---

# **Data Collection**

## Objectives

* Fetch data from Kaggle and prepare it for further processes.

## Inputs

*   Kaggle JSON file - the authentication token. 

## Outputs

* Generate Dataset: inputs/datasets/cars_dataset


---

# Import packages

In [21]:
import os

## Change the working directory

In [None]:
current_dir = os.getcwd()
current_dir

In [None]:
os.chdir('d:\\vscode-projects\\vehicle-type-recognition-v1')
print("You set a new current directory")

In [None]:

current_dir = os.getcwd()
current_dir

## Verify if `kaggle.json` Exists

In [None]:
if os.path.exists("kaggle.json"):
    print("kaggle.json found.")
else:
    print("kaggle.json NOT found. Please upload it to the project root.")

# Install Kaggle

In [None]:
# install kaggle package
%pip install kaggle==1.5.12

---

Run the cell below **to change the Kaggle configuration directory to the current working directory and set permissions for the Kaggle authentication JSON**.

In [27]:
os.environ['KAGGLE_CONFIG_DIR'] = os.getcwd()

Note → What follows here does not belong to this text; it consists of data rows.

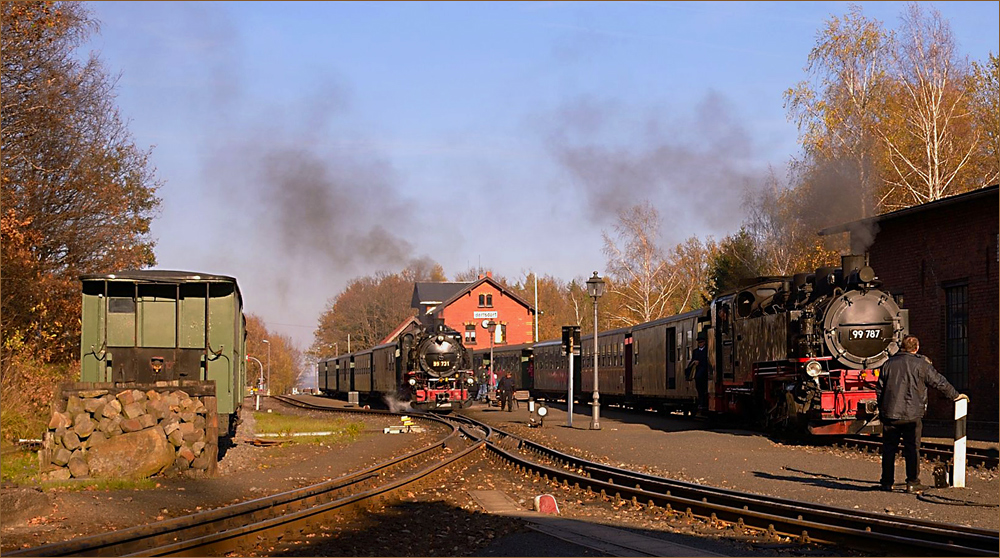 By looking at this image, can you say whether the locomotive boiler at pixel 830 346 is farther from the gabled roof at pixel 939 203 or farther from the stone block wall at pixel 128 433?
the stone block wall at pixel 128 433

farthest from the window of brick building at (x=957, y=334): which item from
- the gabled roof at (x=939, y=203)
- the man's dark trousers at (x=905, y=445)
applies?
the man's dark trousers at (x=905, y=445)

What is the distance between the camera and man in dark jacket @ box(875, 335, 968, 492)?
484 inches

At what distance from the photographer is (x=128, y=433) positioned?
1472 centimetres

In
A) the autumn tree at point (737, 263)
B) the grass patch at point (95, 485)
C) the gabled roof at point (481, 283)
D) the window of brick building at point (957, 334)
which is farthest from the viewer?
the gabled roof at point (481, 283)

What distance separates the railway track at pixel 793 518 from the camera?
8258 mm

Get the dataset path from the [Kaggle URL](https://www.kaggle.com/datasets/jutrera/stanford-car-dataset-by-classes-folder). When you are viewing the dataset at Kaggle, check what is after https://www.kaggle.com/ (in some cases kaggle.com/datasets). You should copy that at KaggleDatasetPath.

![Data Set](../images/dataset.png)

Set the Kaggle Dataset and Download it.

In [None]:
KaggleDatasetPath = "jutrera/stanford-car-dataset-by-classes-folder"
DestinationFolder = "inputs/car_dataset"   
! kaggle datasets download -d {KaggleDatasetPath} -p {DestinationFolder}

Unzip the downloaded file.

In [None]:
import zipfile
zip_path = "inputs/car_dataset/stanford-car-dataset-by-classes-folder.zip"
extract_to = "inputs/car_dataset"

with zipfile.ZipFile(zip_path, 'r') as zip_ref:
    zip_ref.extractall(extract_to)

print("Extraction completed.")

Delete the zip file.

In [None]:
zip_path = "inputs/car_dataset/stanford-car-dataset-by-classes-folder.zip"

if os.path.exists(zip_path):
    os.remove(zip_path)
    print("ZIP file removed successfully.")
else:
    print("ZIP file not found. It may have already been deleted.")

Move all class folders to a new folder "inputs\car_dataset\car_images

In [None]:
import shutil

# Paths
source_train = "inputs/car_dataset/car_data/car_data/train"
source_test = "inputs/car_dataset/car_data/car_data/test"
destination = "inputs/car_dataset/car_images"

# Create destination if it doesn't exist
os.makedirs(destination, exist_ok=True)

# Function to copy all images from a class folder
def copy_images(source_folder, target_folder):
    for img in os.listdir(source_folder):
        src = os.path.join(source_folder, img)
        dst = os.path.join(target_folder, img)
        if os.path.isfile(src):
            shutil.copy(src, dst)

# Function to move or merge class folders
def move_or_merge_classes(src_dir, dst_dir):
    for class_folder in os.listdir(src_dir):
        src_class_path = os.path.join(src_dir, class_folder)
        dst_class_path = os.path.join(dst_dir, class_folder)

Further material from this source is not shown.